Pero la periodista que llamaba “idiota” al rey del Boom tiene en su epistolario, además, espacio para el amor, encarnado en el griego Alekos Panagulis, su último novio. “Alekos querido: Hoy solo quiero agradecerte. Agradecerte por existir, por haber vivido, por haberme regalado veinticuatro horas nobles y una hora feliz. (…) Te agradezco también haberme permitido invadir tu privacidad con consejos no solicitados. Te ruego pensarlos y te repito: has visto tanta fealdad en estos cinco años, tanta oscuridad. Ahora debes regalarte a ti mismo un poco de belleza y un poco de luz. Es un deber hacia ti mismo como ser humano y un deber hacia tu equilibrio nervioso, tu espléndida inteligencia. También un equilibrio más fuerte, la inteligencia más espléndida, necesitan luz, amor. Si no, se marchitan como un árbol sin agua”, le dice como si quisiera dejar claro que, en realidad, no era tan dura como una piedra.

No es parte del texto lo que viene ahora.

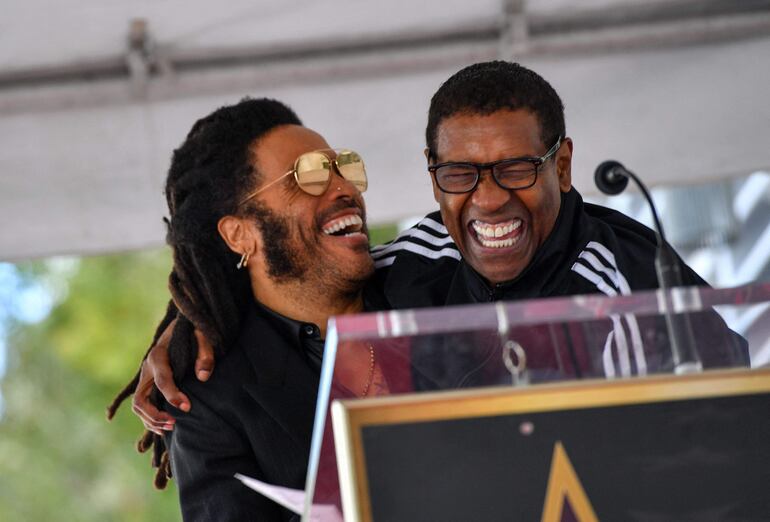 Lenny Kravitz y su gran amigo, el actor Denzel Washington dándose un abrazo. (VALERIE MACON / AFP)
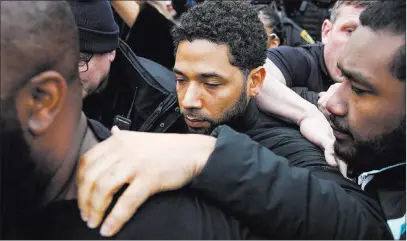  ?? Kamil Krzaczynsk­i The Associated Press ?? “Empire” actor Jussie Smollett leaves Cook County jail Thursday following his release in Chicago.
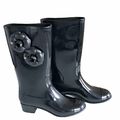 Knee high rain boots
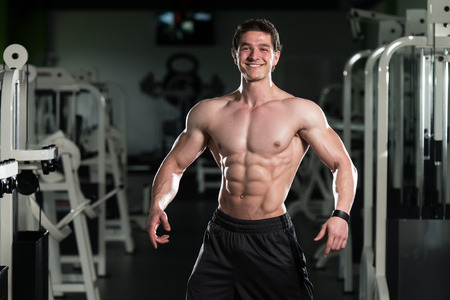 Bodybuilder Posing In Different Poses Demonstrating Their Muscles - Male Showing Muscles Straining - Beautiful Muscular Body Athleteの写真素材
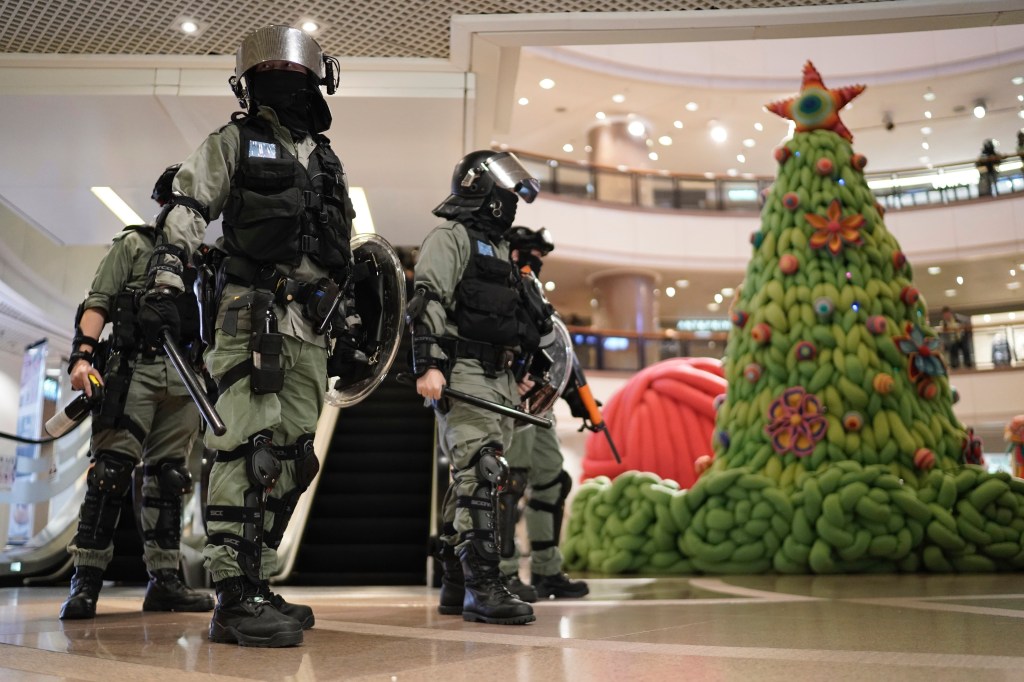 Riot police past by a Christmas decor in a mall during a protest rally on Christmas Eve in Hong Kong on Tuesday, Dec. 24, 2019.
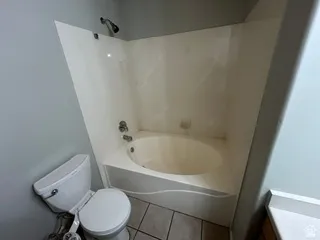 Integrated shower and tub combination with tile flooring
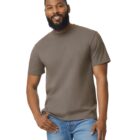 A man with a beard smiles, wearing a plain olive green T-shirt and blue jeans against a plain white background.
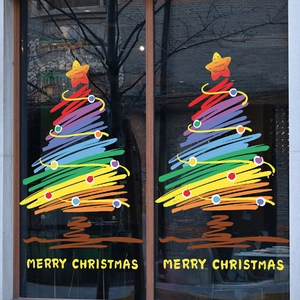 Detailed view of hand-painted rainbow Christmas tree window stickers with Merry Christmas text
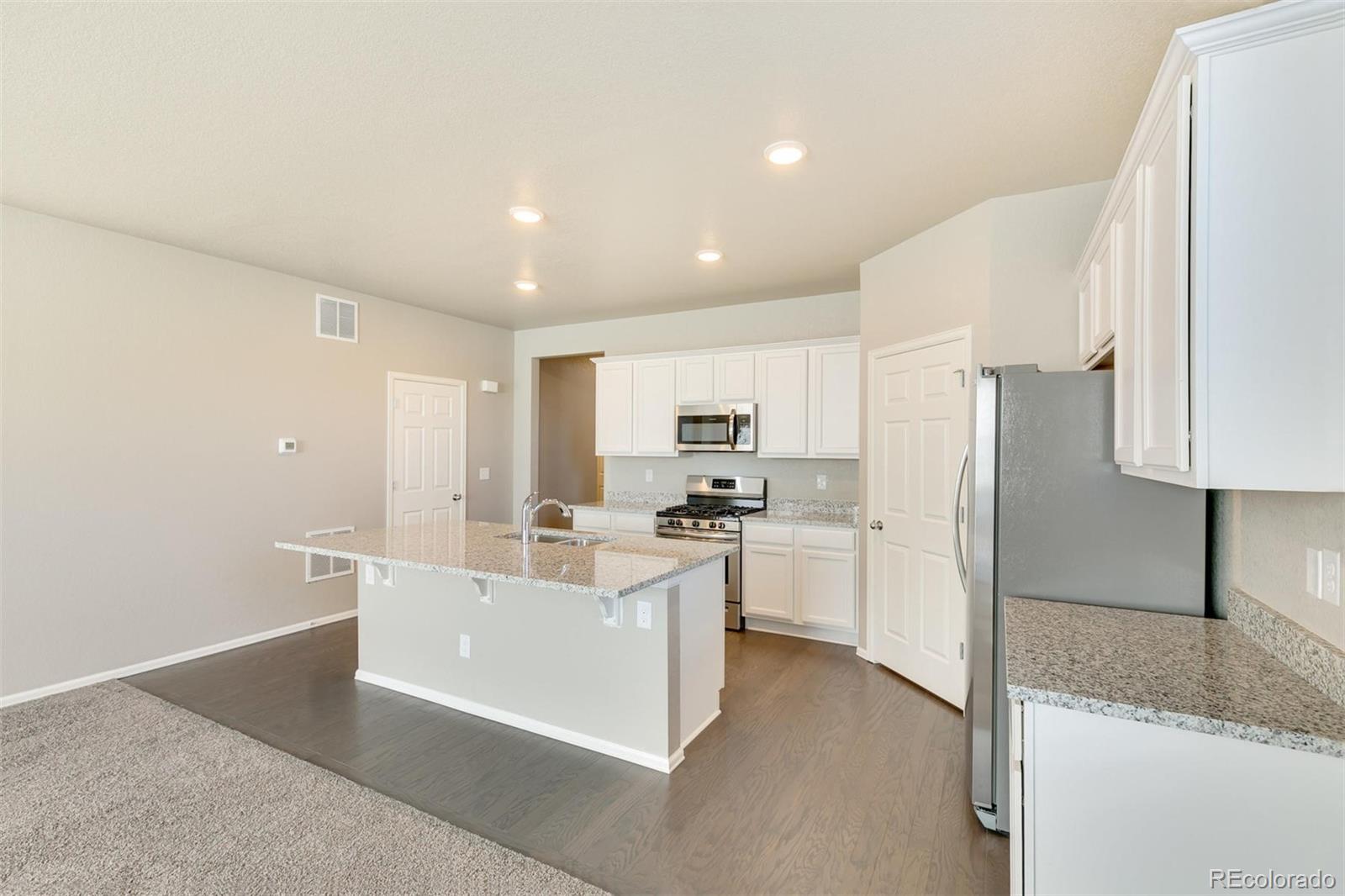 925 Camberly Drive Windsor, CO 80550 - Photo 10 of 29 a kitchen with refrigerator and cabinets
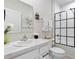 Clean bathroom with white vanity and glass shower at 162 Piave St, Haines City, FL 33844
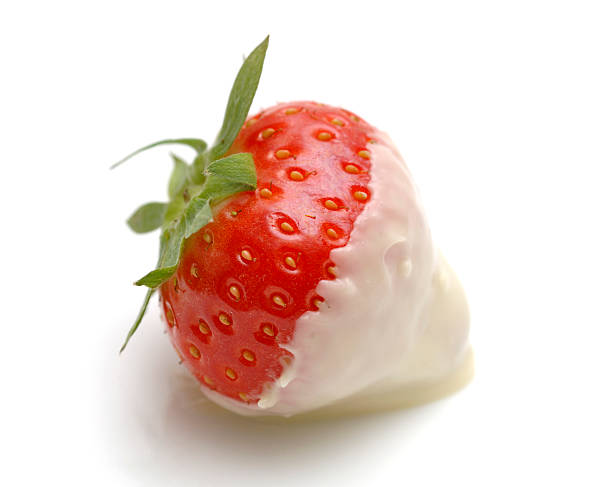 istock chocolate dipped strawberry against white 173566345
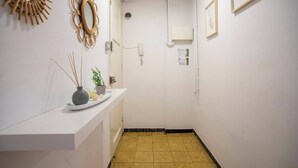 Um corredor com uma receção branca, um espelho e quadros nas paredes.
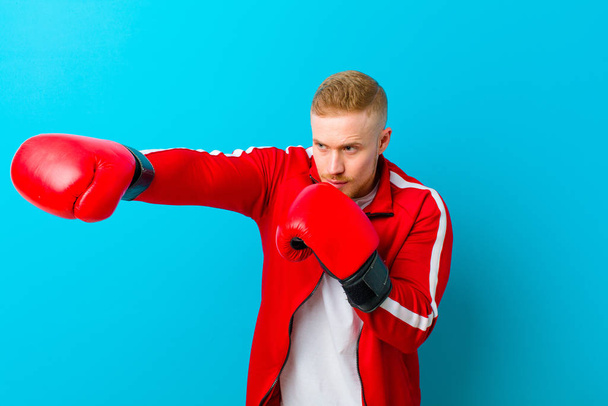 young blonde man wearing sports clothes  against blue background. fitness concept - Foto, afbeelding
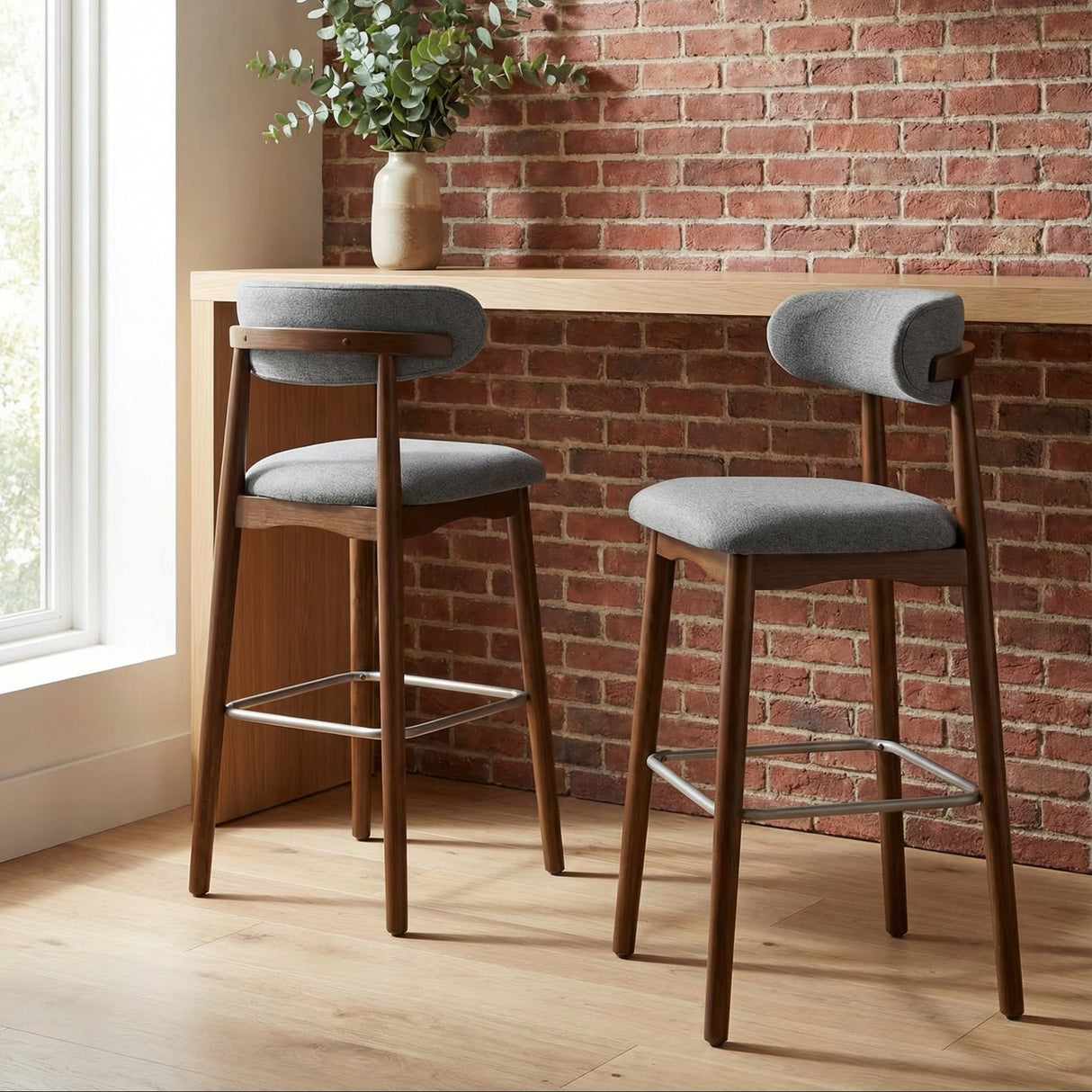 Norden Bar Stool: Two mid-century modern bar stools with gray upholstered seats and dark wood frames.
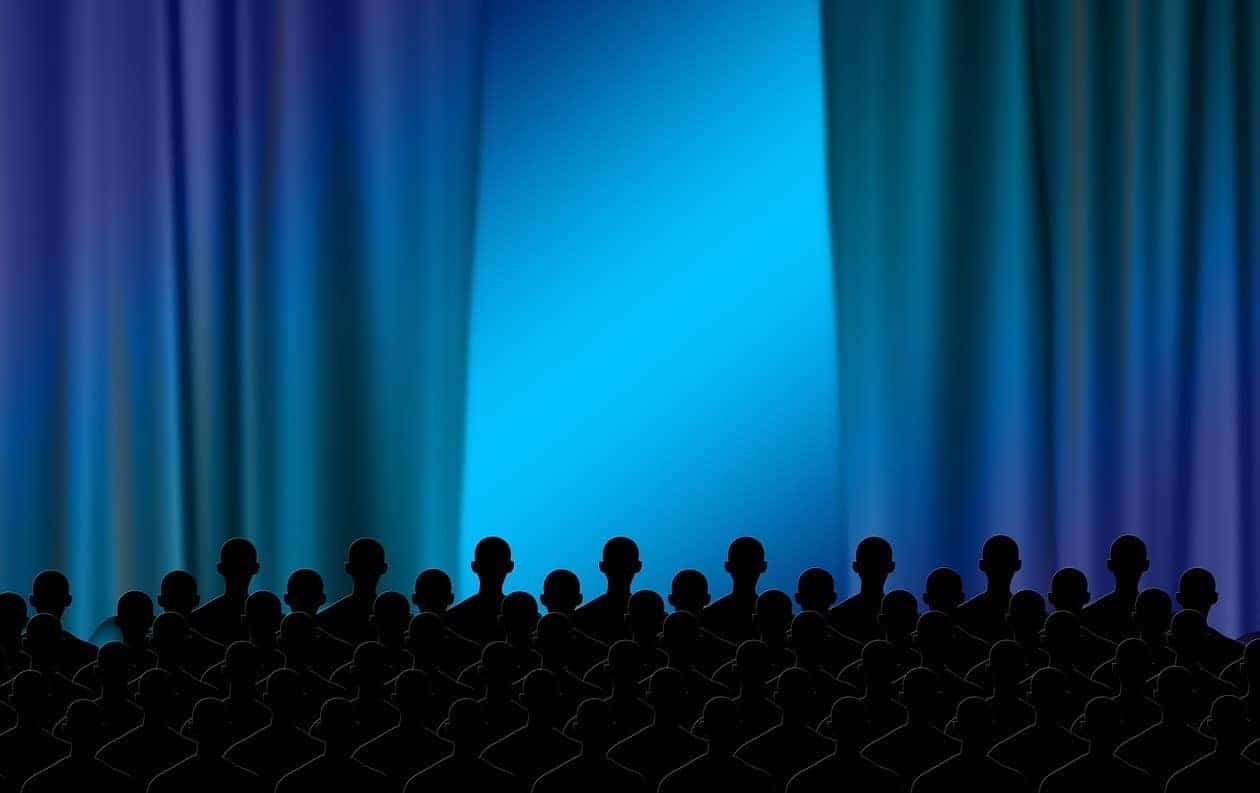 silhoutte of people watching a movie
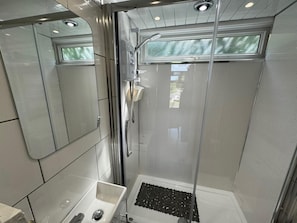 A modern bathroom with a glass-enclosed shower, a sink with a mirror, and a small window.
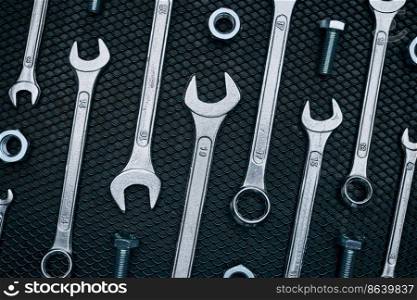 Set of chrome wrenches on steel surface. Mechanic tools for maintenance. Hardware tools to fix. Technical tools background. Set of chrome wrenches on steel surface. Mechanic tools for maintenance. Hardware tools to fix. Technical tools background with copy space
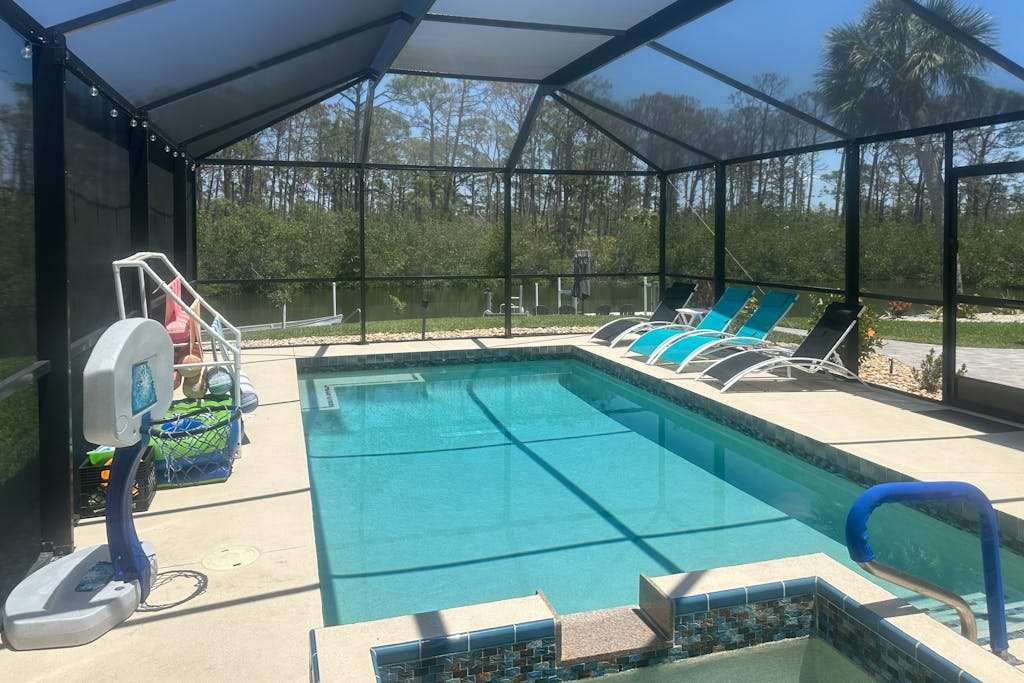 Outdoor paradise on waterway with pool & spa beach gear & dog friendly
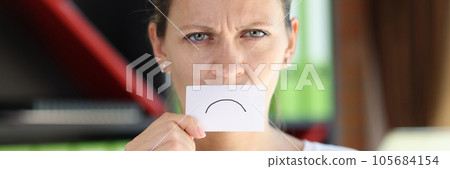 Frustrated woman covered her mouth with paper with sad emoticon. 105684154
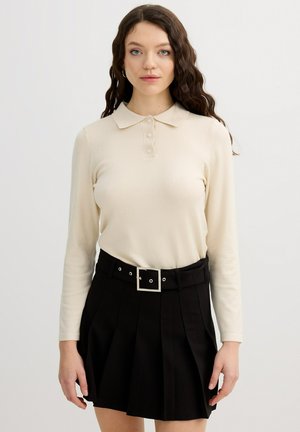 Joven mujer con cabello largo, rizado y castaño, que lleva una camiseta crema de manga larga y una falda negra plisada con un cinturón de hebilla cuadrada, de pie sobre un fondo blanco.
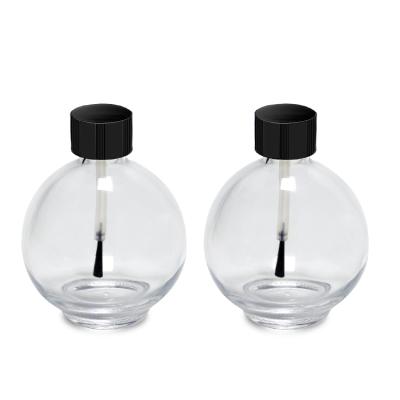 China 75ML Recyclable Material Round Clear Glass Nail Polish Remover Bottle Black Ball Cap With Brush for sale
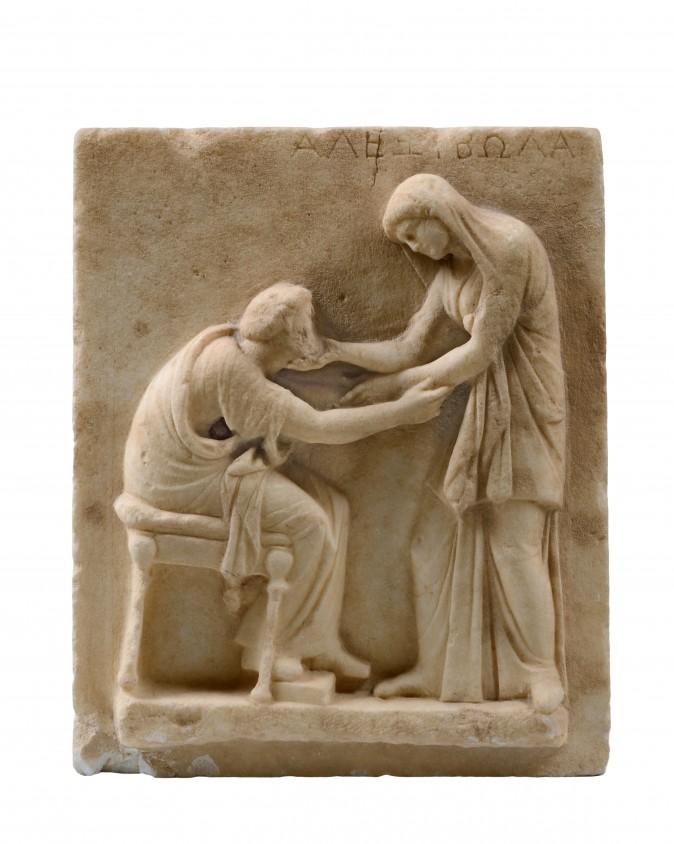 Funerary Stele. Marble, early third century B.C., from the Cemetery of Ancient Thera. Archaeological Museum of Thera. Hellenic Ministry of Culture and Sports–Archaeological Receipts Fund. (Kostas Xenikakis)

Este manojo de cartas exhiben, también y nada más, a la mujer ermitaña y huraña que fue Oriana en los últimos años de su vida. Soberbia y segura de sí misma, con el cáncer a punto de vencerla, le dice a quien la compadece por su soledad: “Solo los débiles y los pobres de espíritu tienen miedo de la soledad y se aburren solos. Yo no soy débil. Soy muy fuerte y, ahora, durísima. Por lo tanto, no tengo miedo de la soledad.” Genio y figura. Ella podía tener otros pecados, pero no el miedo.